REPUBLIKA.CO.ID, JAKARTA -- Bank Indonesia (BI) menilai industri manufaktur menjadi peluang pertumbuhan ekonomi modern. Sebab industrialisasi merupakan fitur utama peningkatan pangsa manufaktur dalam Produk Domestik Bruto (PDB).
Deputi Gubernur Bank Indonesia Dody Budi Waluyo mengatakan pengembangan industri manufaktur dibutuhkan dukungan investasi yang kuat. menurutnya, investasi swasta pernah berjaya secara historis tumbuh tujuh persen sampai delapan persen, bahkan bisa lebih dari itu.
"Jadi masih banyak room investasi tumbuh,” ujarnya usai acara ‘Structural Transformation through Manufacturing Sector Development for High and Sustainable Economic Growth’ di Gedung Bank Indonesia, Jakarta, Senin (12/8).
Selama kuartal II 2019, laju Pembentukan Modal Tetap Bruto (PMTB) atau investasi hanya tumbuh 5,01 persen terhadap PDB. Angka ini melambat dibandingkan periode sama tahun sebelumnya sebesar 5,85 persen.
Menurut Dody pertumbuhan investasi yang rendah di Indonesia tak terlepas dari permintaan produksi yang juga masih belum tinggi. Hal ini turut menekan laju ekspor sebesar 1,81 persen pada kuartal dua 2019.

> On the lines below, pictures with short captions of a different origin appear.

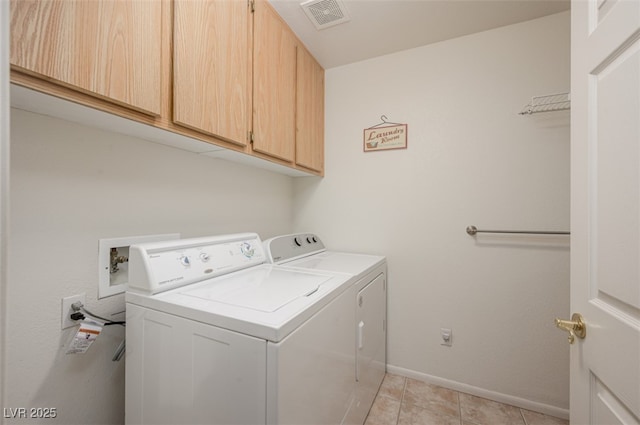 3251 Pheasant Hills Way, Laughlin, NV 89029 - laundry room with cabinet space, independent washer and dryer, and light tile patterned flooring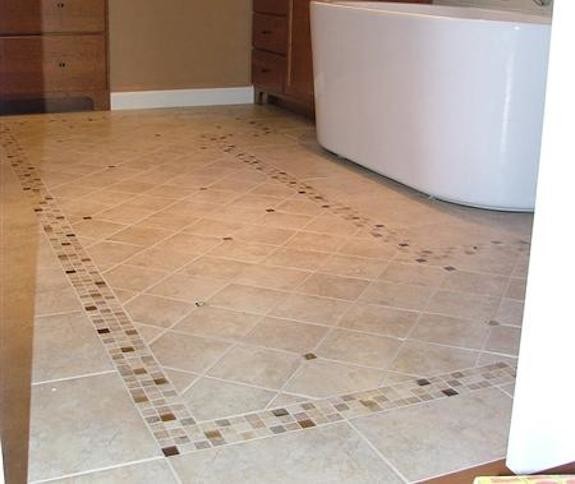 Inspiration for a mid-sized mediterranean 3/4 bathroom in Portland Maine with flat-panel cabinets, medium wood cabinets, a freestanding tub, beige tile, ceramic tile, brown walls and ceramic floors.
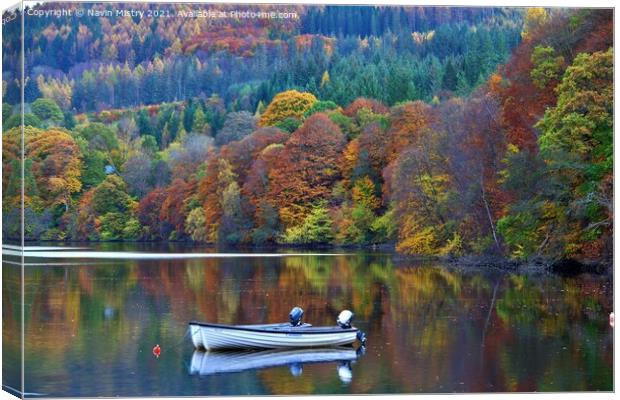  A small boat in Loch Faskally in Autumn  Canvas Print by Navin Mistry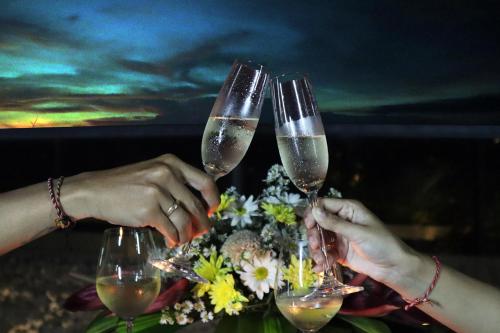 two people holding up wine glasses on a table at MAUA Nusa Penida Bali in Nusa Penida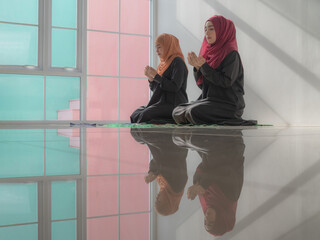 Two pretty Muslim women in hijab with colorful headscarf sitting praying on carpet. Moslem pray, praying hands to Allah of Muslim ladies. The shiny floor showing reflection.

“Dengan ekspor melambat permintaan produksi berkurang dan otomatis investasi berkurang, serta akan menurunkan pendapatan devisa ekspor,” jelasnya.
Menurutnya peluang investasi di Indonesia masih bisa diakselerasi. Semisal industri manufaktur unggulan seperti tekstil, otomotif dan alas kaki memiliki pangsa pasar yang besar di negara maju.
Hanya saja, Dody menekankan peningkatan investasi tak cukup hanya melalui kebijakan bank sentral maupun pemerintah. Diperlukan juga antisipasi pertumbuhan ekonomi global yang berpotensi mengalami penurunan.
“Semua negara akan tumbuh dan akan lebih baik dari tahun sebelumnya, cuma tidak optimal seperti yang seharusnya. Itu yang tercermin dari outlook pertumbuhan dunia dikoreksi ke bawah ke 3,2 persen,” ucapnya.
Dody menambahkan tidak mudah mengembangkan industri manufaktur yang lebih kuat pada masa depan terutama untuk menopang ekspor. Setidaknya dibutuhkan kompeten sumber daya domestik yang kuat.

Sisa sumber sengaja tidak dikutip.